As someone with significant understanding of ML who previously disagreed with yudkowsky but have come to partially agree with him on specific points recently due to studying which formalisms apply to empirical results when, and who may be contributing to downvoting of people who have what I feel are bad takes, some thoughts about the pattern of when I downvote/when others downvote:
yeah, my understanding of social network dynamics does imply people often don’t notice echo chambers. agree.
politics example is a great demonstration of this.
But I think in both the politics example and lesswrong’s case, the system doesn’t get explicitly designed for that end, in the sense of people bringing it into a written verbal goal and then doing coherent reasoning to achieve it; instead, it’s an unexamined pressure. in fact, lesswrong is explicit-reasoning-level intended to be welcoming to people who strongly disagree and can be precise and step-by-step about why. However,
I do feel that there’s an unexamined pressure reducing the degree to which tutorial writing is created and indexed to show new folks exactly how to communicate a claim in a way lesswrong community voting standards find upvoteworthy-despite-disagreeworthy. Because there is an explicit intention to not fall to this implicit pressure, I suspect we’re doing better here than many other places that have implicit pressure to bubble up, but of course having lots of people with similar opinions voting will create an implicit bubble pressure.

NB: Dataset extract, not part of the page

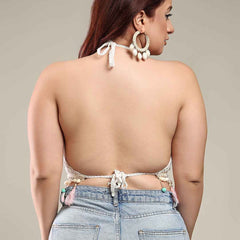 Brachy Women's Self Design Halter Neck Bralette Crochet Crop Top Bra White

I don’t think the adversarial agency you’re imagining is quite how the failure works in full detail, but because it implicitly serves to implement a somewhat similar outcome, then in adversarial politics mode, I can see how that wouldn’t seem to matter much. Compare peer review in science: it has extremely high standards, and does serve to make science tend towards an echo chamber somewhat, but because it is fairly precisely specified what it takes to get through peer review with a claim everyone finds shocking—it takes a well argued, precisely evidenced case—it is expected that peer review serves as a filter that preserves scientific quality. (though it is quite ambiguous whether that’s actually true, so you might be able to make the same arguments about peer review! perhaps the only way science actually advances a shared understanding is enough time passing that people can build on what works and the attempts that don’t work can be shown to be promising-looking-but-actually-useless; in which case peer review isn’t actually helping at all. but I do personally think step-by-step validity of argumentation is in fact a big deal for determining whether your claim will stand the test of time ahead of time.)